[[ Input open ]]
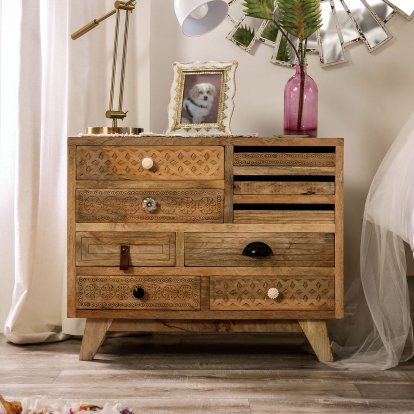 Blanchefleur Weathered Light Natural Tone Chest Model FOA51009 by Furniture of America
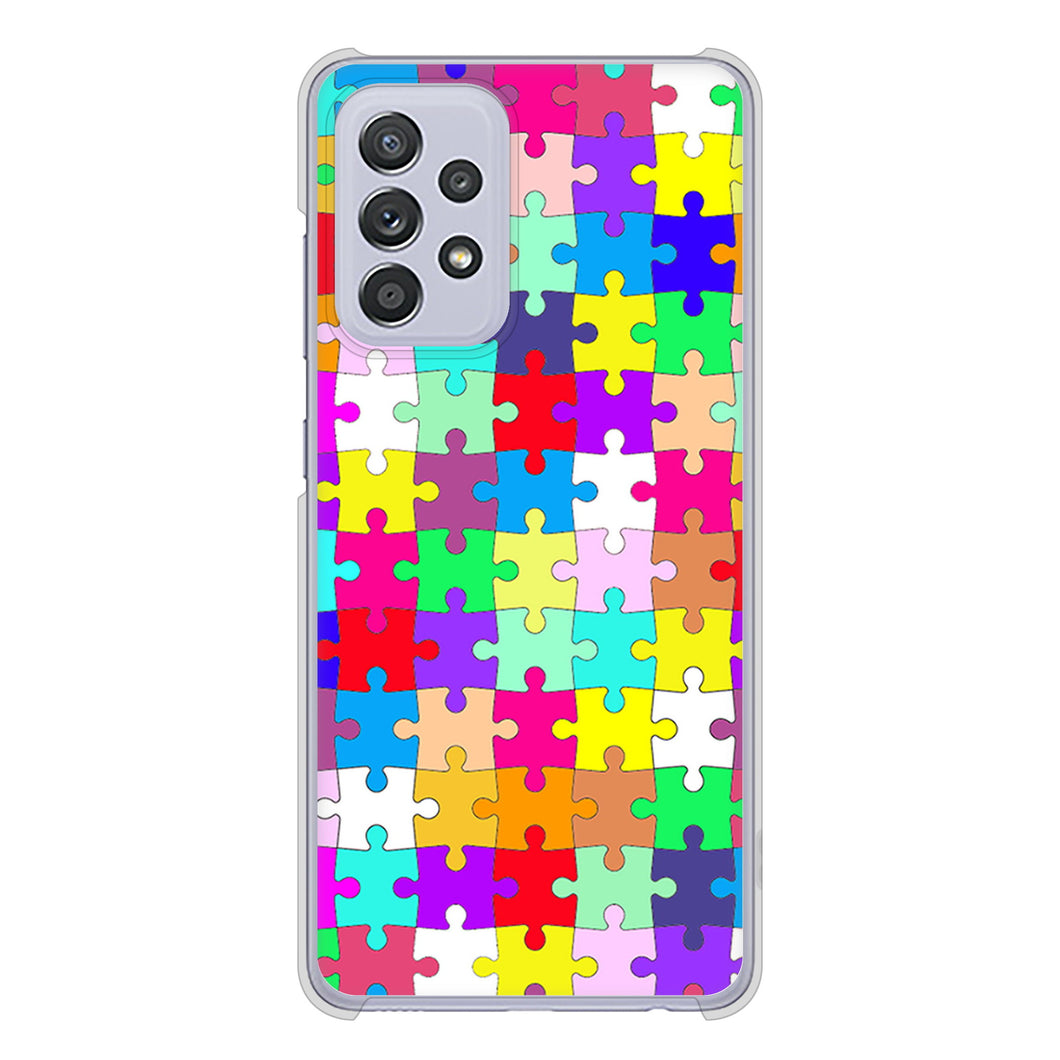 Galaxy A52 5G SC-53B 727 カラフルパズル ハードケース 背面印刷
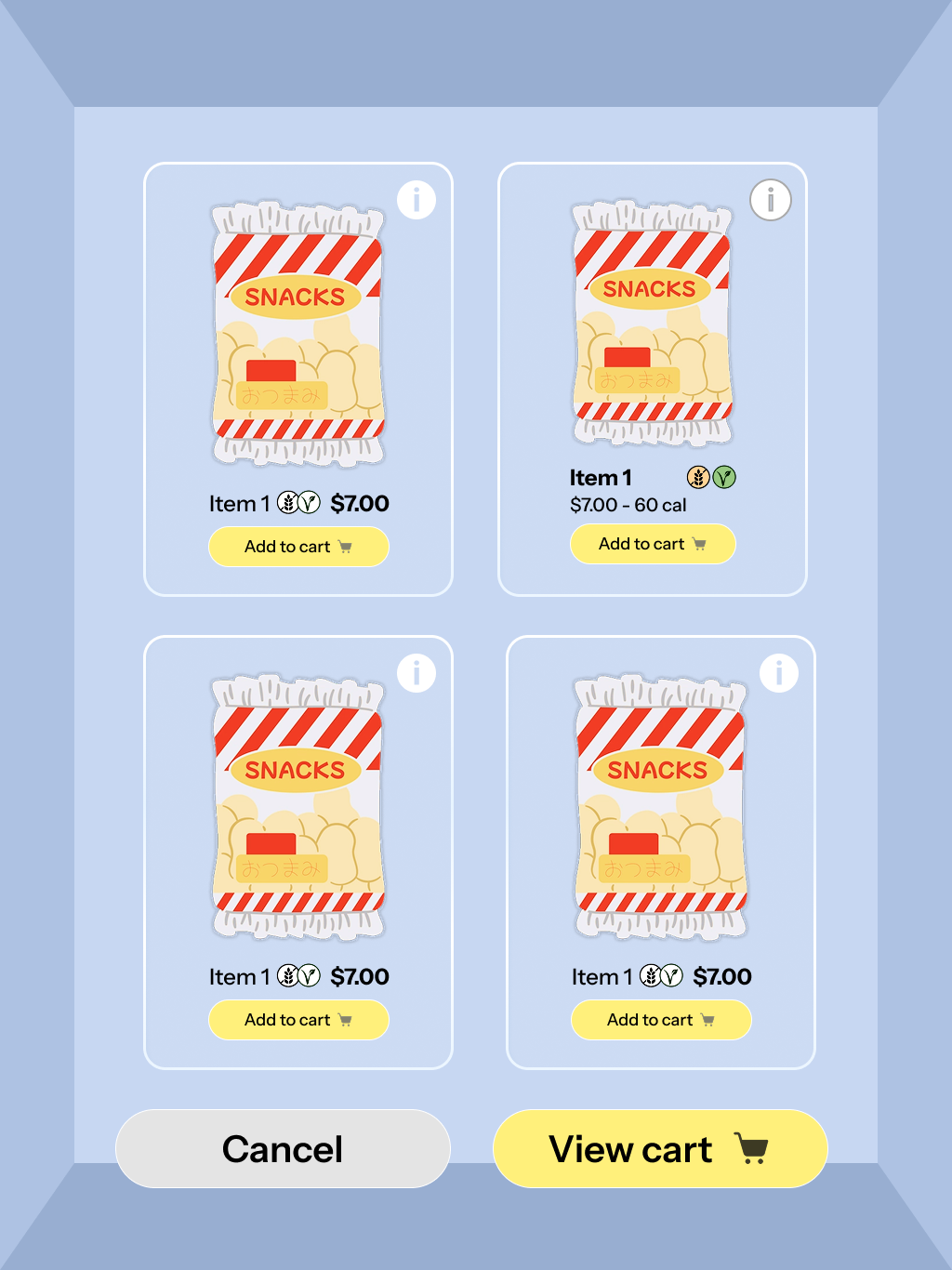 Smaller format is tested with more information on each product for our health conscious audience. Info button would lead to a information pop up overlay.
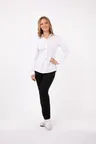 image of Chef Works SES02W-WHT-2XL Women's Seville Shirt, 2XL, White, Poly/Cotton/Elastane Stretch Fabric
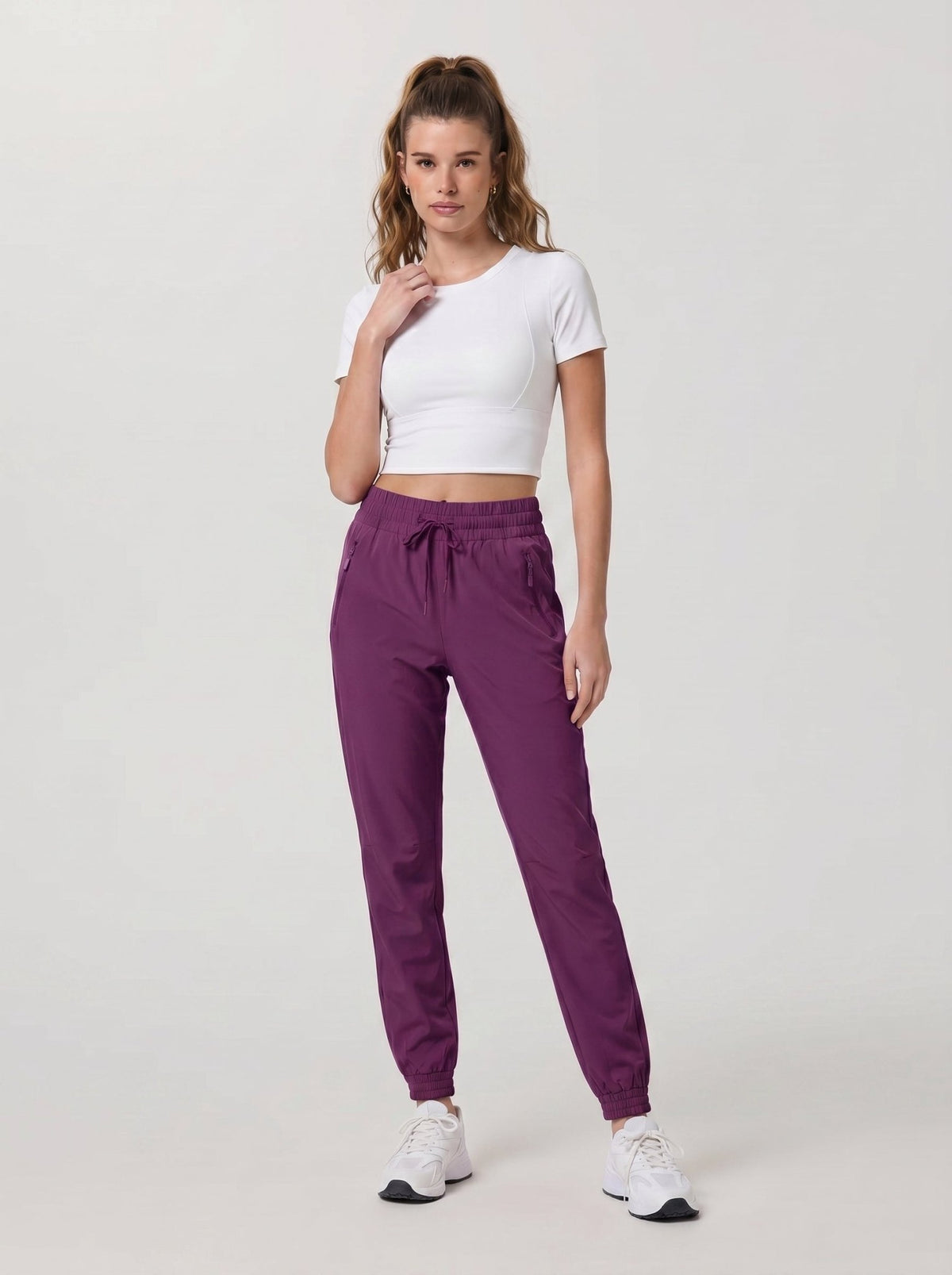 YUCOLEN Women's Lightweight Quick Dry Hiking Pants Water Resistant Outdoor Joggers in Purple Red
[[ Input closed ]]
Exercise prompt => Beginning with the line in which "Galaxy A52 5G SC-53B 727 カラフルパズル ハードケース 背面印刷" appears, repeat exactly each line down to the close of the material, leaving every picture out.

Problem solution =>
 Galaxy A52 5G SC-53B 727 カラフルパズル ハードケース 背面印刷
 Smaller format is tested with more information on each product for our health conscious audience. Info button would lead to a information pop up overlay.
 image of Chef Works SES02W-WHT-2XL Women's Seville Shirt, 2XL, White, Poly/Cotton/Elastane Stretch Fabric
 YUCOLEN Women's Lightweight Quick Dry Hiking Pants Water Resistant Outdoor Joggers in Purple Red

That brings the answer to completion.